Well, it should be no different then with other runtimes, like Rails or maybe a PHP app.
`node` is a binary file, and when you run it, you run it as a certain user. This user can access some files on the system, and is blocked to others. Likewise, other users can access certain files owned by this user, or can be blocked from others. Typical program like any other.
If you want to isolate a Node app on a, say, typical linux system, you would run the Node runtime with a separate user, created just for the app. You would protect it's home directory (or wherever the app is served from) so that only that user (and possibly autodeployment etc scripts) can access it. If you want to protect other places on the system, do not let your app user (or node user) access to that folder.
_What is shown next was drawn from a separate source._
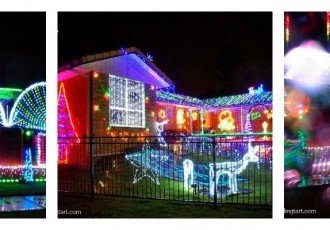 austalia christmas lights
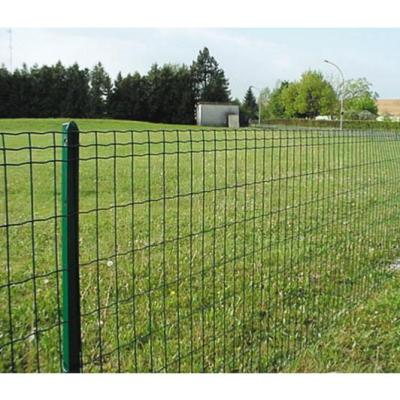 China Easily Assembled PVC Euro Fence Holland Plastic Coated Welded Fencing Mesh Garden Border Soft Rolls Netting for sale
But those are simple use cases. Seemingly more complex solution would be if you "dockerize" your app - put it in the docker container. The app is then, well, contained. Permissions are much more restrictive, depending on your setup. And you get other benefits - streamlining deployments, testing etc.
The best part of dockerizing a node app is that it's super simple. You learn it in one afternoon, you practice maybe a week and you are good - new skill acquired, new levels of complexity that actually simplifies stuff for you reached, new options open. And it's applicable to more then just node, you can then dockerize other stuff too - database/cashing systems, file systems, nginx and whatnot.
Take a look at one of the tutorials available online and see how it goes.